Identitäten

Eine der Erkenntnisse, die ich gestern als Abfallprodukt des Deutsch-Chinesischen Forschungsprojekts zur Einführung der Psychotherapie in China gewonnen habe, betrifft die unterschiedliche Haltbarkeit nationaler/kultureller Identitäten.


Trifft man in den USA oder Kanada - wo wir gerade sind - einen Menschen, dessen Eltern aus Deutschland ausgewandert sind, so kann er in der Regel kein Deutsch mehr und er fühlt sich auch nicht als Deutscher, sondern als Amerikaner oder Kanadier.


Bei den Chinesen ist das ganz anders.
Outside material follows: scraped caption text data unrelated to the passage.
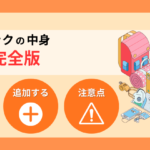 【2026年】防災リュックの中身リスト完全版！基本と世代別のアイテム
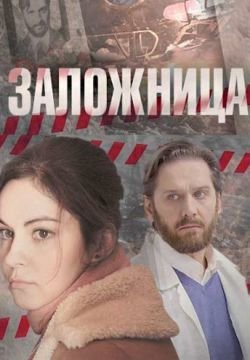 Заложница
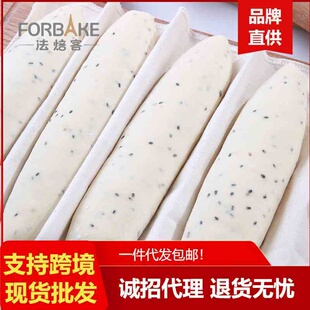 法焙客面团发酵布 法棍发酵垫全棉帆布 法式长棍欧包棉布烘焙工具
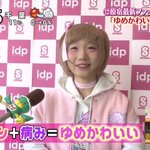 最近耳にする【ゆめかわいい】って一体なに？!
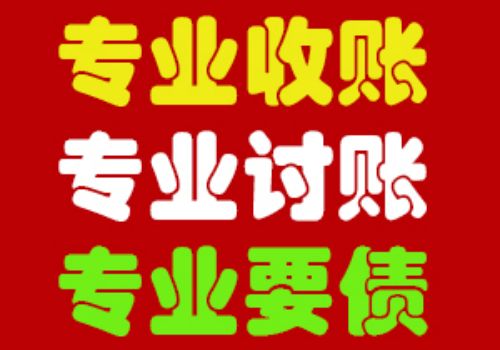 中山讨债要债：﻿法律规定可以抵消的债权有什么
Trifft man einen Chinesen, dessen Eltern bereits in vierter Generation in den USA leben, so spricht er nicht nur Chinesisch, sondern er fühlt sich auch noch als Chinese. Und China ist immer noch die Heimat für ihn, auch wenn seit den Auswanderern keiner seiner Verwandten jemals da war, d.h. weder Eltern, Großeltern oder Ur-Großeltern usw.


Mit solch einem starken Identitäts- (= Zugehörigkeits-) Gefühl und der dadurch vermittelten Sicherheit, ist es den Chinesen in allen Gegenden der Welt möglich, sich an die jeweils herrschenden Umstände flexibel anzupassen. Und ihr soziales Netzwerk, das darauf gründet, hilft ihnen dabei.


(Auch meine Tagungsteilnehmer hier werden zum großen Teil anschießend irgendwelche Verwandte besuchen, die sie in vielen Fällen bislang noch gar nicht persönlich kennen.)